[Input data]

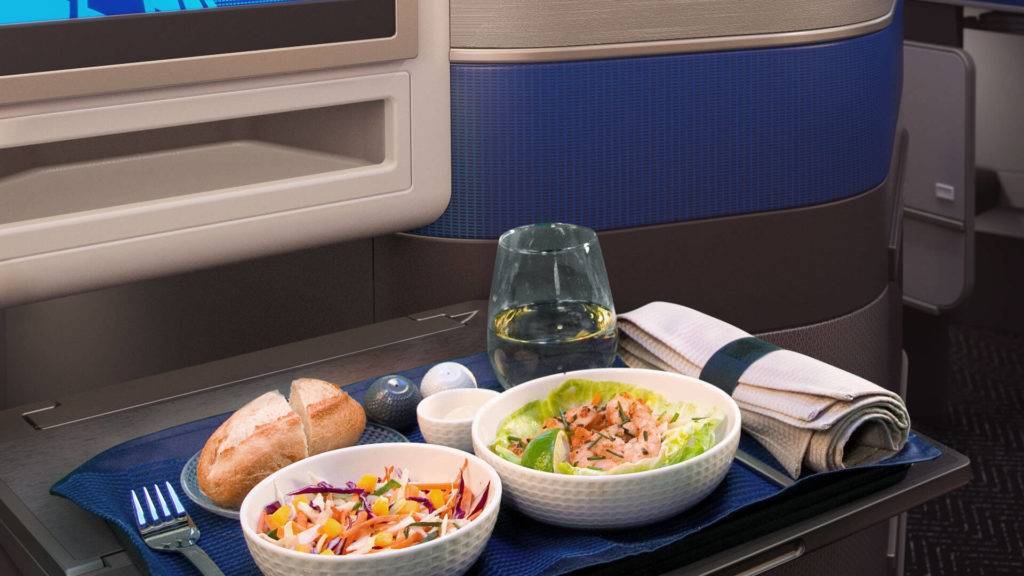 United Airlines Polaris Business Class meal service tray and crockery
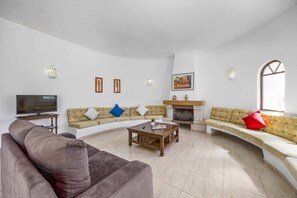 A living room with a television, sofas, a fireplace, and wall-mounted lights.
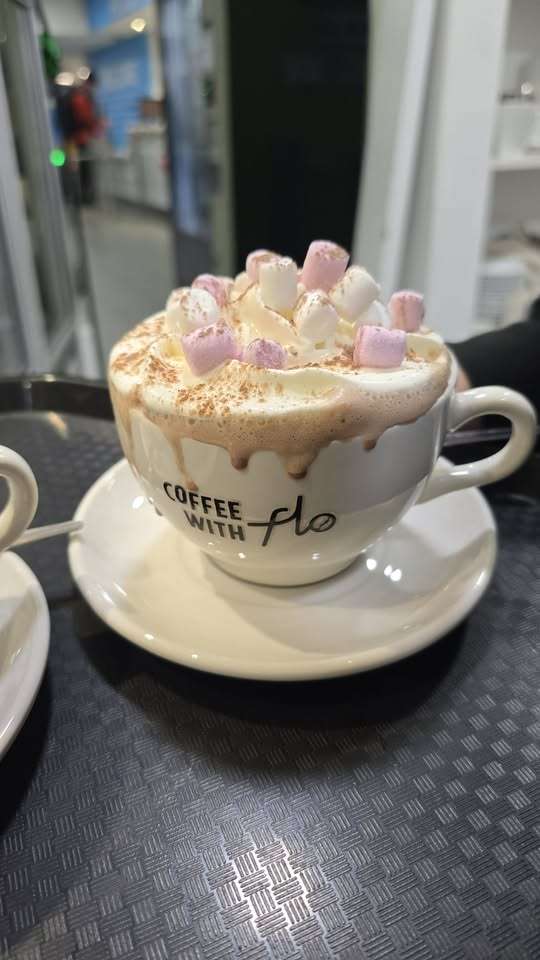 Luxury hot chocolate topped with marshmallows and cream served at Coffee with Flow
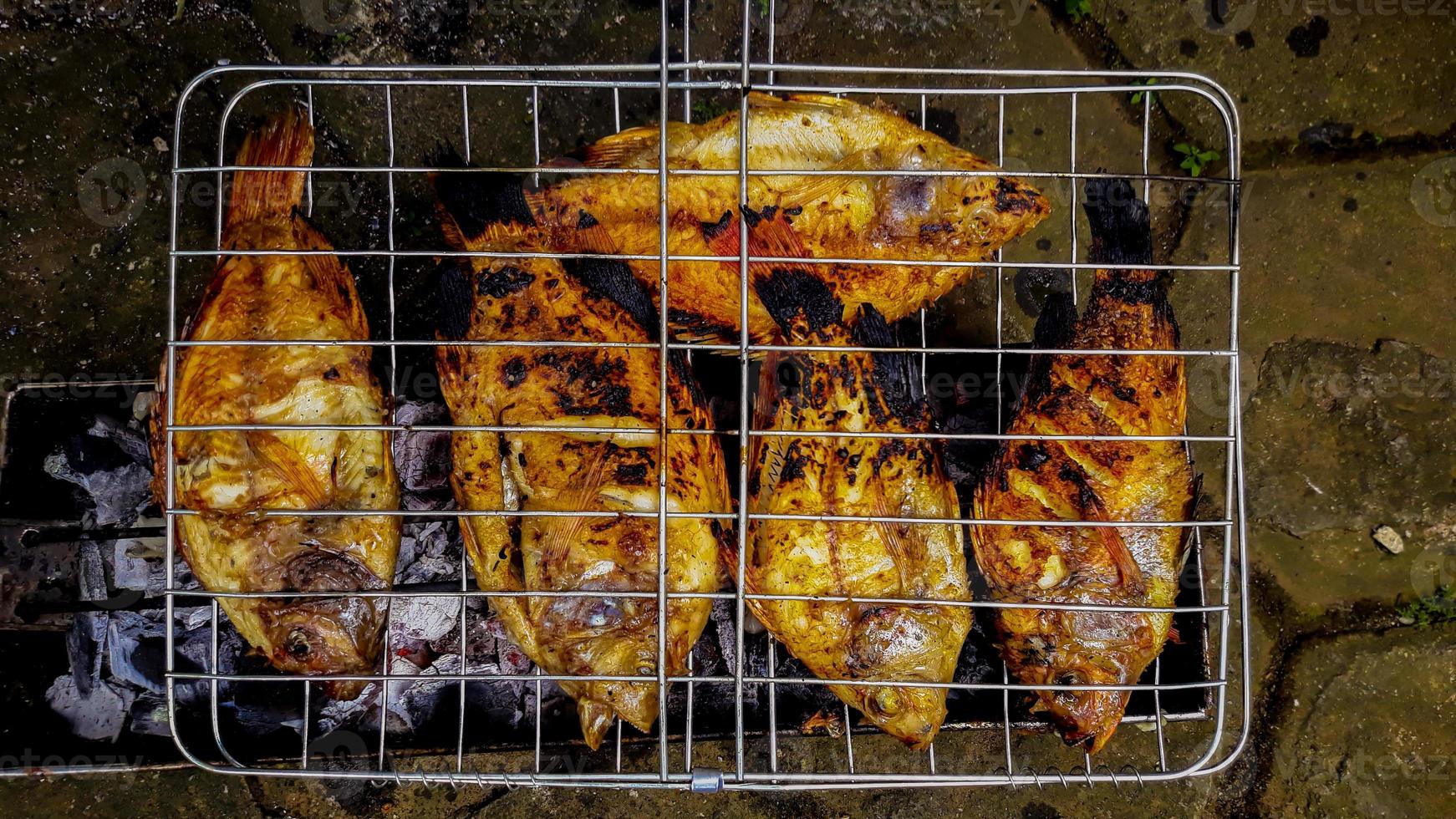 pescado a la parrilla, pescado a la parrilla tilapia del nilo a la parrilla sobre carbón caliente foto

[/Input data]

Work request
All of the material above should be set down again exactly, though not its pictures.

Result
 United Airlines Polaris Business Class meal service tray and crockery
 A living room with a television, sofas, a fireplace, and wall-mounted lights.
 Luxury hot chocolate topped with marshmallows and cream served at Coffee with Flow
 pescado a la parrilla, pescado a la parrilla tilapia del nilo a la parrilla sobre carbón caliente foto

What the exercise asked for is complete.